China said it would impose sanctions on the United States after US President Donald Trump signed legislation to punish Beijing for “oppressive acts” in Hong Kong and an executive order ending all preferential treatment for the city.

"The US law...maliciously denigrates Hong Kong's national security legislation, threatens to impose sanctions on China, and seriously violates international law and basic rules of international relations. It is gross interference in Hong Kong affairs and China's internal affairs," China's Foreign Ministry said in a scathing rebuke to Trump's announcement earlier on Tuesday that he had signed the so-called “Hong Kong Autonomy Act” into law.

Apart from the Act, which envisions sanctions against politicians who the US has accused of "extinguishing" the former British colony's freedom with a new national security law, Trump also signed an executive order stripping Hong Kong of its special trading status.
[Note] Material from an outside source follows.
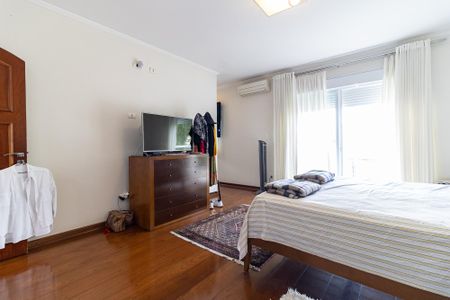 Casa à venda com 600m², 3 quartos e 7 vagasSuíte 1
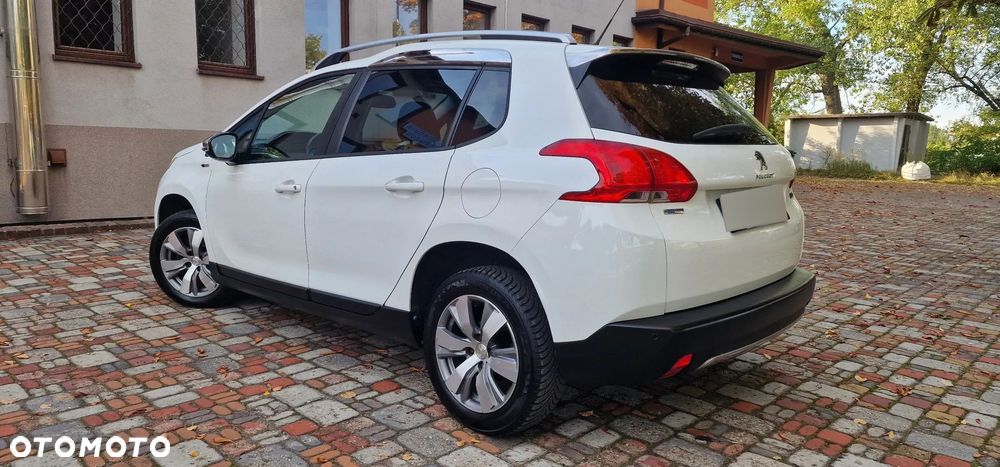 Peugeot 2008 - 17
Both the Autonomy Act – a bill that blazed through Congress with bipartisan support – and the executive order seek to penalize Beijing for alleged rights abuses in Hong Kong.

Beijing, which insists that the new security law was needed to "protect national sovereignty," has denounced the US rhetoric and punitive measures as an attempt to "obstruct" the implementation of the law, insisting the US "will never succeed" in pursuit of that goal.

The ministry confirmed that China would not sit idly by and warned it would respond in kind.

Published on Tuesday evening, Trump’s order will “suspend or eliminate different and preferential treatment for Hong Kong,” including in the realms of national security, foreign policy, immigration and economics, rescinding a special arrangement established with the city under the 1992 Hong Kong Policy Act. The previous law allowed Washington to treat Hong Kong as a separate entity from Mainland China, especially in matters of trade.